Now and again we are given an illustration. No caption. Just an
illustration. So picture this.
Hundreds of Americans are sleeping in tents, many in abominable
weather, to keep a place in line in the hope of purchasing for
several hundred dollars the latest edition of a play station — a
computerized game. A game. And others are bidding up to twice the
retail price to try and get one on E-Bay.

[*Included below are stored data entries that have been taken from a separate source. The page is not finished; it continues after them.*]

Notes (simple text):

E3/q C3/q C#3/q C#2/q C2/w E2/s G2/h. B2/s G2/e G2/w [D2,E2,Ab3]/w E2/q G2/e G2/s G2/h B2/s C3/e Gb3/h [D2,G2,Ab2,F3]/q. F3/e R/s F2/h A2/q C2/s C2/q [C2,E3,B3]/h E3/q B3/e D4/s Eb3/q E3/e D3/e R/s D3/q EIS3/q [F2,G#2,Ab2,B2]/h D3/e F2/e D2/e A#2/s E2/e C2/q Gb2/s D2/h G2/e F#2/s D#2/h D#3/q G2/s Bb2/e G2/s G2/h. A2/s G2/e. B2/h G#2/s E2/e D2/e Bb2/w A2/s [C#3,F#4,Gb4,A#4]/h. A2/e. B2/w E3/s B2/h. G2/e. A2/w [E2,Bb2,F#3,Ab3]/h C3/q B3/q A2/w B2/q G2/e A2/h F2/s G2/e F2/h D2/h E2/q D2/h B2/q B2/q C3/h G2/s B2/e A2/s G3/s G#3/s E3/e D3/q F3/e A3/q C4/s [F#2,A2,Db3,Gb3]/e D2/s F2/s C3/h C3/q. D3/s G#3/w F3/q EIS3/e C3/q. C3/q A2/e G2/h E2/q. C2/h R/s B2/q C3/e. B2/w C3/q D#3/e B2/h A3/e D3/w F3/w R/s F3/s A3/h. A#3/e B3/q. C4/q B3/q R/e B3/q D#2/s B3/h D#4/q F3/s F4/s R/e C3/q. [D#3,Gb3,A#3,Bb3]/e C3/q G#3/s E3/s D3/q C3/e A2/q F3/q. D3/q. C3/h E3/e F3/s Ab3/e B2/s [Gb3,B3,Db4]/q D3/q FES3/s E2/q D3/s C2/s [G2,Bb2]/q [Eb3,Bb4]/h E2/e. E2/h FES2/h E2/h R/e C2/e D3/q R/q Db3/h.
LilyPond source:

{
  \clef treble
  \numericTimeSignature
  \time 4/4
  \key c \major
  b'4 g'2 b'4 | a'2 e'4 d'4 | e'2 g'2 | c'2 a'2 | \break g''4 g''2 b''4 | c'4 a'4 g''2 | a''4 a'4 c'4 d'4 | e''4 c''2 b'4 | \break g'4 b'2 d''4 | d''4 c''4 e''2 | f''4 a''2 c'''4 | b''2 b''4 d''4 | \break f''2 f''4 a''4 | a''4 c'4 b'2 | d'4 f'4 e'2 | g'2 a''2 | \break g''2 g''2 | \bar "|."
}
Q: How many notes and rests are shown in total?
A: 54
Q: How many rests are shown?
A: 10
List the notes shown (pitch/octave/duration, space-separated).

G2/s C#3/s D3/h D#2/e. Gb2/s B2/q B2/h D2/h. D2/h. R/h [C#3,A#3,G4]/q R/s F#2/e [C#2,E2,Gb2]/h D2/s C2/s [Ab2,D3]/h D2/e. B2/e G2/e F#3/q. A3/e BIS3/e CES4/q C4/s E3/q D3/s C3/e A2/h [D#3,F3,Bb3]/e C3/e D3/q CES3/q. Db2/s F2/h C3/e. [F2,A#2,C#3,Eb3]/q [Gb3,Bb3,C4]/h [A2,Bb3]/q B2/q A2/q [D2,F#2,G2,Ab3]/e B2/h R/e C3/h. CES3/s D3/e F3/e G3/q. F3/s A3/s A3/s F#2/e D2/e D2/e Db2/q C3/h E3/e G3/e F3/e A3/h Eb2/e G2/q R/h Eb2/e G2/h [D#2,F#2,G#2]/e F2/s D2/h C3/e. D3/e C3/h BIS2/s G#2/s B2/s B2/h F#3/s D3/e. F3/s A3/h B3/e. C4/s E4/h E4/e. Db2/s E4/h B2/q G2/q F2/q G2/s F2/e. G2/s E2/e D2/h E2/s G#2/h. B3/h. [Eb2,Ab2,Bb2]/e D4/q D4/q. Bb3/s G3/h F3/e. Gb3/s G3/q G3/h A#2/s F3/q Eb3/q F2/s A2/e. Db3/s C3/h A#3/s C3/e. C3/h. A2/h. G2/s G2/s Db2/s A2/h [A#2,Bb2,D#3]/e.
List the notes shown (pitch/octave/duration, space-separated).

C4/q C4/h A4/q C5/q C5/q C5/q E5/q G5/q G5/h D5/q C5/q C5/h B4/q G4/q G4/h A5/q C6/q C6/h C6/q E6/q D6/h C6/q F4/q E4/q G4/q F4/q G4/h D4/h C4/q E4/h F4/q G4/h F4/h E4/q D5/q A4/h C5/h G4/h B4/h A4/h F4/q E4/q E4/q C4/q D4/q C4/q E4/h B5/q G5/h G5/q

Hundreds of other Americans are also sleeping in tents in
another place in hopes of seeing another day, while a people they
have risked their all to democratize are blowing up one another;
man, woman and child, and when possible are blowing up the
Americans there to “save” them. In a week’s time they kill more of
one another than their former leader, Saddam Hussein, was sentenced
to hang for killing in his recently completed trial. The picture
raises the question: are we playing the wrong game? Do we
misunderstand the wiring of the place that makes the game
unwinnable?
It involves the tenets of a religion that those who began the
game and plugged in 140,000 American players did not understand
going in, tenets that allow for, nay encourage, fratricide on a
scale that defies these Western interlopers. Ironically, one man
understands it well: Saddam.
His despotic rule steered clear of sectarian tenets. He
iron-fisted dissent from any of the sectors now enthusiastically
killing women and children and, when possible, those American
interlopers. His was the necessary cruelty that kept the ultimate
cruelty from breaking out.
There are those who hold out hope that the place can be
re-wired, that the very nature of the game can be changed. Who was
it who said, “Human nature will not change…” Abe Lincoln
completed the thought with the concept that in any great trials
there will be wise and silly, good and bad. But his experience was
with Americans — some silly enough to sleep in a tent in hopes of
paying an exhorbitant price for an electronic game, others brave
enough to risk life and limb to bring the blessings of freedom to
another people to whom the concept is utterly foreign. Whose
gratitude is expressed in an improvised explosive device by the
side of the road.
There is a solution to all of this. Untie the noose. Bring back
Hussein. And tell him: “Game on.”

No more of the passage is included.